Eller, 61, presided over an expansion that saw Circle K grow from 1,200 stores in 1983 to the nation’s second-largest convenience chain with 4,685 in 33 states last November. In the process, it rang up debts of $1.3 billion.
No replacement was named Monday, but the company said president Robert A. Dearth Jr., 45, would manage operations, with oversight from the board of directors.
Spokesman Ray Cox said Eller resigned to pursue personal business opportunities.
Cox said Eller and Circle K executives agreed not to comment beyond a statement announcing the resignation.
Eller said in the statement that with the company in the process of restructuring, it was time for him to step aside and give the directors the latitude to establish new objectives.
Circle K last month halted interest payments to bondholders under a plan designed to restructure its debt load. The agreement with its senior creditors and its largest shareholder, American Financial Corp., gave it a seven-month moratorium on debt and interest payments.
Circle K had threatened to file for reorganization under Chapter 11 of U.S. bankruptcy laws if it was denied a reprieve on its debts.
The agreement gave bank lenders that have extended nearly $800 million in senior debt to Circle K the right to determine whether the company can pay interest on subordinated debt. Officials have said the restructuring could include exchanging some outstanding subordinated debt securities for new bonds, stock or cash.
Circle K is the nation’s second-largest convenience store chain behind Southland Corp., owner of 7-Eleven. Circle K has announced plans to sell 350 stores in the Pacific Northwest and another 25 in Hawaii, but Cox said neither sale had closed.
Eller, a Circle K director since 1972, became chairman and chief executive in June 1983.

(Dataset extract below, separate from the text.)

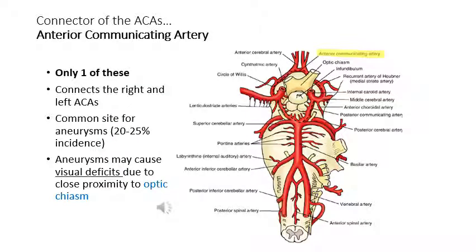The artery which connects the two anterior cerebral arteries is the anterior communicating artery — there is only one of this artery, and this area is a common site for aneurysm. Because of the force of blood flow, the aneurysm may press on the optic chiasm, which is very close to it, and can cause visual deficits.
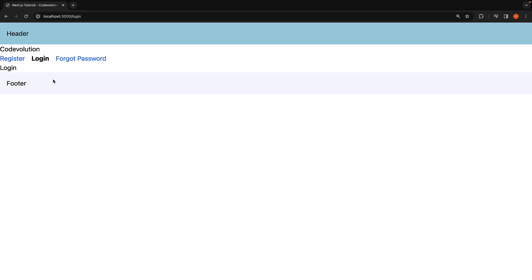A majority of the time, this is the behavior you need. However, you might come across a scenario where you need the layouts to create a new instance for each of their children on navigation. Example scenarios include enter/exit animations for pages or running a side effect using the useEffect hook when the route changes. For such situations, you can use the template file as a replacement of the layout file.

The growth in the number of U.S. stores - in addition to 1,400 licensed or joint ventures overseas - cost Circle K $850 million, much of it raised through risky high-yield junk bonds issued by Drexel Burnham Lambert Inc.
In addition to rising interest payments, company officials have blamed Circle K’s problems on intense competition in the industry, including the spread of convenience stores run by oil companies able to sell gasoline more cheaply.
Circle K in March announced a $40 million operating loss for the quarter ended Jan. 31.
Analysts said Eller, who in late 1988 told stockholders expansion was the key to the company’s survival, failed to provide for stability after growth.
″He built the empire, but it’s clear there wasn’t anybody beneath him. He didn’t build the infrastructure to operate it,″ said Dennis Telzrow, an analyst with the Dallas brokerage Eppler, Guerin & Turner.
Telzrow said Eller’s departure was expected after Circle K hired Dearth away from United Brands Co. in January.
Sheryl Gillett Caudana, granddaughter of Circle K founder Fred Hervey, also criticized Eller’s management.
″I felt that he was making some decisions that were not in the interests of either the long-term survival of the company or the stockholders,″ she said.
Eller in 1968 founded Combined Communications Corp. and in the next decade built the company into one of the nation’s largest mass-media enterprises.
He sold the company in 1979 to Gannett Co. and spent the next four years as director of the communications division of Columbia Pictures Industries and as a financial consultant in Phoenix.